[Stored data]
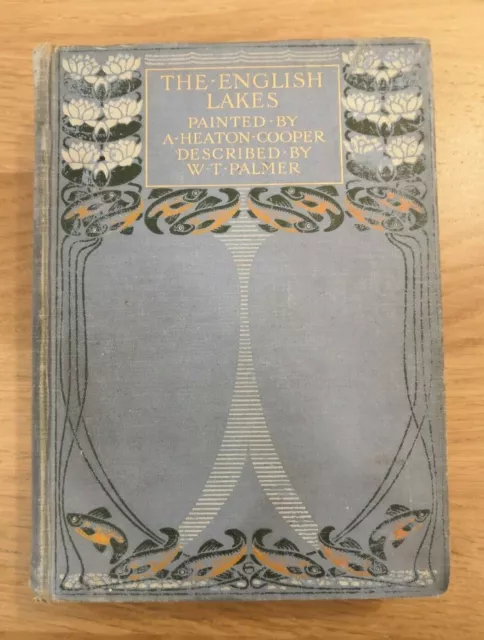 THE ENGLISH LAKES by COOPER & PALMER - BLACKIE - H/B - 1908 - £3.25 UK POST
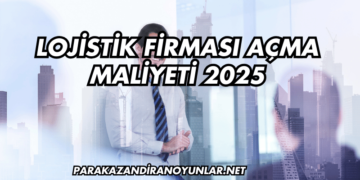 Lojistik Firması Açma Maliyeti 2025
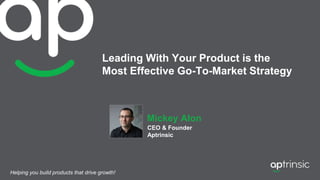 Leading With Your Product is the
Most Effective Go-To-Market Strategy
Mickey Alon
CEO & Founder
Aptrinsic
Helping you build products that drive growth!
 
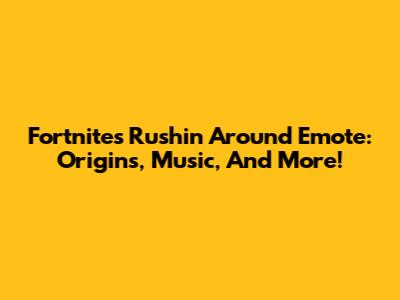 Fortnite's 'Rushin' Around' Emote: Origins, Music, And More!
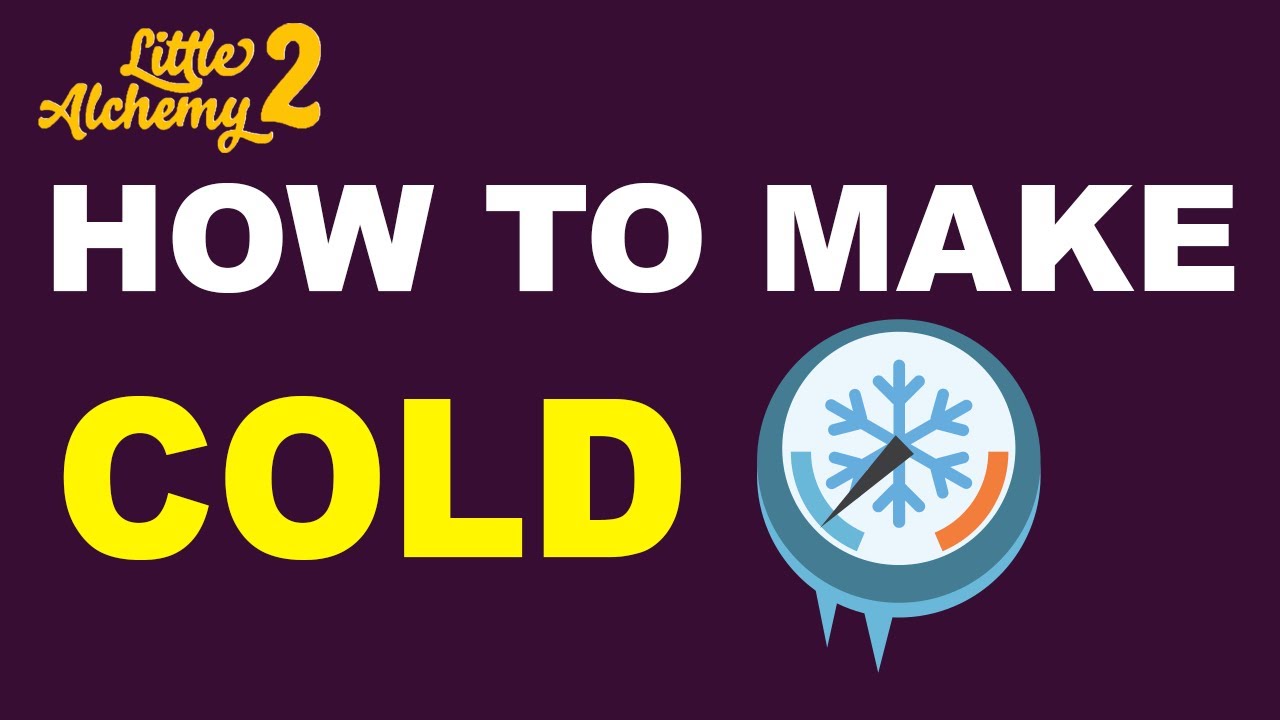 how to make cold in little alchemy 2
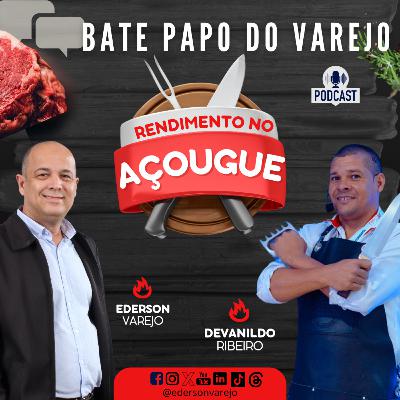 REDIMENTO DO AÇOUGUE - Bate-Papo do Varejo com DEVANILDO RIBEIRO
[/Stored data]
The task
In the copy, include every line of the records exactly and none of the images.

Exercise output
 THE ENGLISH LAKES by COOPER & PALMER - BLACKIE - H/B - 1908 - £3.25 UK POST
 Lojistik Firması Açma Maliyeti 2025
 Leading With Your Product is the
Most Effective Go-To-Market Strategy
Mickey Alon
CEO & Founder
Aptrinsic
Helping you build products that drive growth!
 
 Fortnite's 'Rushin' Around' Emote: Origins, Music, And More!
 how to make cold in little alchemy 2
 REDIMENTO DO AÇOUGUE - Bate-Papo do Varejo com DEVANILDO RIBEIRO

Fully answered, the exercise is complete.